- [Information supplied]:
++++++++
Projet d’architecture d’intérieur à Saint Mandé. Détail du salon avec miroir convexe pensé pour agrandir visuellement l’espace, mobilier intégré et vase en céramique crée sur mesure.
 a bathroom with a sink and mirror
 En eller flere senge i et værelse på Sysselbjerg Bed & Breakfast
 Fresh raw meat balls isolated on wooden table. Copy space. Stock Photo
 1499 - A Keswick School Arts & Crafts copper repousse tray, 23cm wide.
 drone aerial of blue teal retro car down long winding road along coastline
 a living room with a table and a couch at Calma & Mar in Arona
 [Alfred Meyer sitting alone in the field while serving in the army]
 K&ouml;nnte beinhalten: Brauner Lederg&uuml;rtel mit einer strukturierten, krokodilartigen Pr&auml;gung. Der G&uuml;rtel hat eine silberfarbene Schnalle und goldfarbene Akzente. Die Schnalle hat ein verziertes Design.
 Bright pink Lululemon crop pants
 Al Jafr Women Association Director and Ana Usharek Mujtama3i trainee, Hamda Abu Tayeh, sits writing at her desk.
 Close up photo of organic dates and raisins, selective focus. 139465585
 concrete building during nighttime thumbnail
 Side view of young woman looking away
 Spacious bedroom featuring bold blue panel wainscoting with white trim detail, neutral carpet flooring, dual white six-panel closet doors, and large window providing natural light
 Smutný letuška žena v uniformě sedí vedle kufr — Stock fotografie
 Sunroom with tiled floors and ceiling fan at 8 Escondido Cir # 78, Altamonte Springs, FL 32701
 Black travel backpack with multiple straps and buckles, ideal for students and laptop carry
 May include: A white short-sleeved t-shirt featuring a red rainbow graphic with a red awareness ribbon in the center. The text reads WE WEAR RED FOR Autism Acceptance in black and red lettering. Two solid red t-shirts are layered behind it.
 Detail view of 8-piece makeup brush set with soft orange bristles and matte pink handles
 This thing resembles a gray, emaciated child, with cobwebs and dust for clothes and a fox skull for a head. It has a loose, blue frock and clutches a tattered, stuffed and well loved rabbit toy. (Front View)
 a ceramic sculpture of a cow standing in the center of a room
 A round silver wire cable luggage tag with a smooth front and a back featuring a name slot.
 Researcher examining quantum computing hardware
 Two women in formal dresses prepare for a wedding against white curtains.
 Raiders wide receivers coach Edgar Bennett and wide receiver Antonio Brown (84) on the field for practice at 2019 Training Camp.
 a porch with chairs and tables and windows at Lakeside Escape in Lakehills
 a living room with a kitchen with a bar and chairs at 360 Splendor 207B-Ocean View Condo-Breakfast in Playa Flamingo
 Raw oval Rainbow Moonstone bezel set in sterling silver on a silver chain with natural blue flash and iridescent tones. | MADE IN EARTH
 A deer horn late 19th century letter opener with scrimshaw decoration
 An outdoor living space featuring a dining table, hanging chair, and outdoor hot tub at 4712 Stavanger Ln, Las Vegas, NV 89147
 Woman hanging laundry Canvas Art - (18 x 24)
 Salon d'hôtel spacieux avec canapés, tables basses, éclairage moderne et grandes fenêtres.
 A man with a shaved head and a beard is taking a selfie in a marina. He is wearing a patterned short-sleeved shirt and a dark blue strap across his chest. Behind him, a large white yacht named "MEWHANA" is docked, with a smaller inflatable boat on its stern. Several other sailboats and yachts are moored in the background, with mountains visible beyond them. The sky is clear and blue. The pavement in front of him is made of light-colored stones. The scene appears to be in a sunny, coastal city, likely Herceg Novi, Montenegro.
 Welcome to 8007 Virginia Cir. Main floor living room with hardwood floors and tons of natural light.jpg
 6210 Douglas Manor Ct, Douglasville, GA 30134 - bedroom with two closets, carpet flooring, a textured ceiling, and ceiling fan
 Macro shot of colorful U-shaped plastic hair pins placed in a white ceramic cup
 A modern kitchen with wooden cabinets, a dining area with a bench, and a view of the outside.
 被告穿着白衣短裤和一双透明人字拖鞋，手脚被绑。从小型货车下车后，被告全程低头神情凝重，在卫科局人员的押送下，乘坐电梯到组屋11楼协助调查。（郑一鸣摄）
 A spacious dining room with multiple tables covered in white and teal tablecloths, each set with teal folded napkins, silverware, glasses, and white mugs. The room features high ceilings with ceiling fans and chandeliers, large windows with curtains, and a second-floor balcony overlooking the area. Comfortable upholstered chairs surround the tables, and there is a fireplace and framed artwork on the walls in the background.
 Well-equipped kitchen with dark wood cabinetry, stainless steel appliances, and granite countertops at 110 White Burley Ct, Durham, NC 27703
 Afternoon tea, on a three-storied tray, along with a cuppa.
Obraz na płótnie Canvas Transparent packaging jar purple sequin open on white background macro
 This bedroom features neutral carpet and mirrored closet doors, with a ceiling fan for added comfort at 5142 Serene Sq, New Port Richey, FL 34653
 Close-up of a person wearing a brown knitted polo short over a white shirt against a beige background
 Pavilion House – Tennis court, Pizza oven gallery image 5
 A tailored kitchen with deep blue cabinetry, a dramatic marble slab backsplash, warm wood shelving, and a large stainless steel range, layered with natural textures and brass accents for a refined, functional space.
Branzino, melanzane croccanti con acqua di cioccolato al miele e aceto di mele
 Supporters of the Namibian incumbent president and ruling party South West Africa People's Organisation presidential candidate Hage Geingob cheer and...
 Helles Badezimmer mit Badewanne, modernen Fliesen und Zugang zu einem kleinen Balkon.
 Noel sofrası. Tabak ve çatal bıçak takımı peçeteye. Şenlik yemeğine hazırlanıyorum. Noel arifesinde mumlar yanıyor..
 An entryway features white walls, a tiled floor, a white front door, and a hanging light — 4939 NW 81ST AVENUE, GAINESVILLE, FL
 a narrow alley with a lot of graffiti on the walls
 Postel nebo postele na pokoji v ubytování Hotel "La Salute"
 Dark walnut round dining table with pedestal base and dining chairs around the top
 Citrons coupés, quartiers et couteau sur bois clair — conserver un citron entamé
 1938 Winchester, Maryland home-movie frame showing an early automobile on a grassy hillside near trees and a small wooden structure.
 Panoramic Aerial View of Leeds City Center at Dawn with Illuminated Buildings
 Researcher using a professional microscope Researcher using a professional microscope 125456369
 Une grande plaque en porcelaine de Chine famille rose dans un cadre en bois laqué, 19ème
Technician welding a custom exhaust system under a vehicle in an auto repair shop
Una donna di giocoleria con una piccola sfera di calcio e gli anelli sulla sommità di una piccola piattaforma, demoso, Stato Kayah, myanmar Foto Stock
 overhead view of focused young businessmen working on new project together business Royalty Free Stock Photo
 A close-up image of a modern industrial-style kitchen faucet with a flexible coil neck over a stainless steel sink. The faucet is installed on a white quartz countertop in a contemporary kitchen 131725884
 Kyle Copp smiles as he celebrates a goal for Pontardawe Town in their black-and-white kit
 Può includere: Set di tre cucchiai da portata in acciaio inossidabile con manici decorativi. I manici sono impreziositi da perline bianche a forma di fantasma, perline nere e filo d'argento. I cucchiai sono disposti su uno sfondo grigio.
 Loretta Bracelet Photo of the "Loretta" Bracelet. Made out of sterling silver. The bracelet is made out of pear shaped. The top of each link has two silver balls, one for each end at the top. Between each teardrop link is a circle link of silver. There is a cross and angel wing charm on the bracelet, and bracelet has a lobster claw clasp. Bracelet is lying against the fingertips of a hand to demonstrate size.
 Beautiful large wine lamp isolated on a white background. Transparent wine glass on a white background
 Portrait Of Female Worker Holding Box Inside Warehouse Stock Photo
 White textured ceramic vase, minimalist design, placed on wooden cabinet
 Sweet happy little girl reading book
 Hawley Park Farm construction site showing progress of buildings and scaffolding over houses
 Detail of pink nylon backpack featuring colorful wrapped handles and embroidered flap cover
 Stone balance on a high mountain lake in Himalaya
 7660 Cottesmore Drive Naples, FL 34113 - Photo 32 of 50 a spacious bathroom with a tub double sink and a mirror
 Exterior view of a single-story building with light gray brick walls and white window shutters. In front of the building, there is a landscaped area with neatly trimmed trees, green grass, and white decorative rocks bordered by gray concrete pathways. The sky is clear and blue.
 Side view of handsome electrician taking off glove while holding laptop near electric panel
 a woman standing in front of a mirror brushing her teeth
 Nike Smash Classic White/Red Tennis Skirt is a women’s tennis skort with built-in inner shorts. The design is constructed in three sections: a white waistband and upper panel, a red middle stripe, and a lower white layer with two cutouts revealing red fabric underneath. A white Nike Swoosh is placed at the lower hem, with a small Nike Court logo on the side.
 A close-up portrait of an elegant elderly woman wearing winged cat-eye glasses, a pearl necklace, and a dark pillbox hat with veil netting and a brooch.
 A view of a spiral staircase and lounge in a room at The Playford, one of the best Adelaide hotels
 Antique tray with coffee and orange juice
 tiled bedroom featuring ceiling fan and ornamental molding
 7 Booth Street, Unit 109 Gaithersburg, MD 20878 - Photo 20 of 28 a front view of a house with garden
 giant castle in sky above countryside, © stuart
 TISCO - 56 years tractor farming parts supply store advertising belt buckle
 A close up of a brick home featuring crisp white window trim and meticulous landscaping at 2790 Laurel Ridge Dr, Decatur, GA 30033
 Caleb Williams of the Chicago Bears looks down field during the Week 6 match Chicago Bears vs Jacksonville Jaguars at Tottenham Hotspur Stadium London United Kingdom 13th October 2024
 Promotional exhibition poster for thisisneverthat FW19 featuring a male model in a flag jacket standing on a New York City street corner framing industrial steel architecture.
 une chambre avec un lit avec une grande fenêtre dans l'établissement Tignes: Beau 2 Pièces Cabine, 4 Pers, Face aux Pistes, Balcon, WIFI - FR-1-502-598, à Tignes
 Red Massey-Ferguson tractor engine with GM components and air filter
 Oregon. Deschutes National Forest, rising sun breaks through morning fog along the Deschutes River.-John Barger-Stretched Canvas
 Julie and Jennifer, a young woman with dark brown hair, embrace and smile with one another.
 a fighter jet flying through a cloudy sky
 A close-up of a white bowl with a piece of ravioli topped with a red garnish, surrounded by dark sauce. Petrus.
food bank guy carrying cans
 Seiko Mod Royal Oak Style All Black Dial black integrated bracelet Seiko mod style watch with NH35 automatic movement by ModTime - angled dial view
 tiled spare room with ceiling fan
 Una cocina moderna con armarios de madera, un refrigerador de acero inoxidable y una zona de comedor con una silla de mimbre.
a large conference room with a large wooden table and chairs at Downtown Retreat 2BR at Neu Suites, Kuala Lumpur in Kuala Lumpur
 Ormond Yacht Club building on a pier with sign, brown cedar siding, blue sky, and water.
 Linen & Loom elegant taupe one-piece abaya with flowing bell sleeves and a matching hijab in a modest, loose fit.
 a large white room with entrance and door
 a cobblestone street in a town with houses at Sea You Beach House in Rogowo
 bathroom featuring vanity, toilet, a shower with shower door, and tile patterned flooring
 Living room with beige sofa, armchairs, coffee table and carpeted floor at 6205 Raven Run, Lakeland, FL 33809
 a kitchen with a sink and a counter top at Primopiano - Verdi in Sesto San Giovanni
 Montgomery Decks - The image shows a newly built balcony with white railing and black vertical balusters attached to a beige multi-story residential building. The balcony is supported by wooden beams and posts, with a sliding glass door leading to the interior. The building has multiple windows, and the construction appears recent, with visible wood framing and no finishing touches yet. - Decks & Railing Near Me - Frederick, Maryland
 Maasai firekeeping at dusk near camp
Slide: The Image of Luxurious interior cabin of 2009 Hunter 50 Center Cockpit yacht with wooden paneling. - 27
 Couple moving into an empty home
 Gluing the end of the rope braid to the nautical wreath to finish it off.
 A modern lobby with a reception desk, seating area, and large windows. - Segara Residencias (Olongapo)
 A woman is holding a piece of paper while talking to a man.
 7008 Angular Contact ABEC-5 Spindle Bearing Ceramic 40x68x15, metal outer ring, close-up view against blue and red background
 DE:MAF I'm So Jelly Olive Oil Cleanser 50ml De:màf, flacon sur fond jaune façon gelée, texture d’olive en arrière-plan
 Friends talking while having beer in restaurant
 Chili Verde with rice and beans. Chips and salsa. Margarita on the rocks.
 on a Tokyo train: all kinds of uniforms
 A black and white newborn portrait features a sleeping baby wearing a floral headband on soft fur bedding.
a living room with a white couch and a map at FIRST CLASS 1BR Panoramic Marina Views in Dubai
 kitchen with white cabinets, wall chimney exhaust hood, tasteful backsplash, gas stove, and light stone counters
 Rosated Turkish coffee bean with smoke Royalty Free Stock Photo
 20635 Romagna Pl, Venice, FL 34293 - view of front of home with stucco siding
++++++++
- [Exercise description]:
Taking the records above, retype every line from the one with "A close-up portrait" down to the one with "tiled bedroom featuring", exactly and with nothing else.

- [Solution for this task]:
 A close-up portrait of an elegant elderly woman wearing winged cat-eye glasses, a pearl necklace, and a dark pillbox hat with veil netting and a brooch.
 A view of a spiral staircase and lounge in a room at The Playford, one of the best Adelaide hotels
 Antique tray with coffee and orange juice
 tiled bedroom featuring ceiling fan and ornamental molding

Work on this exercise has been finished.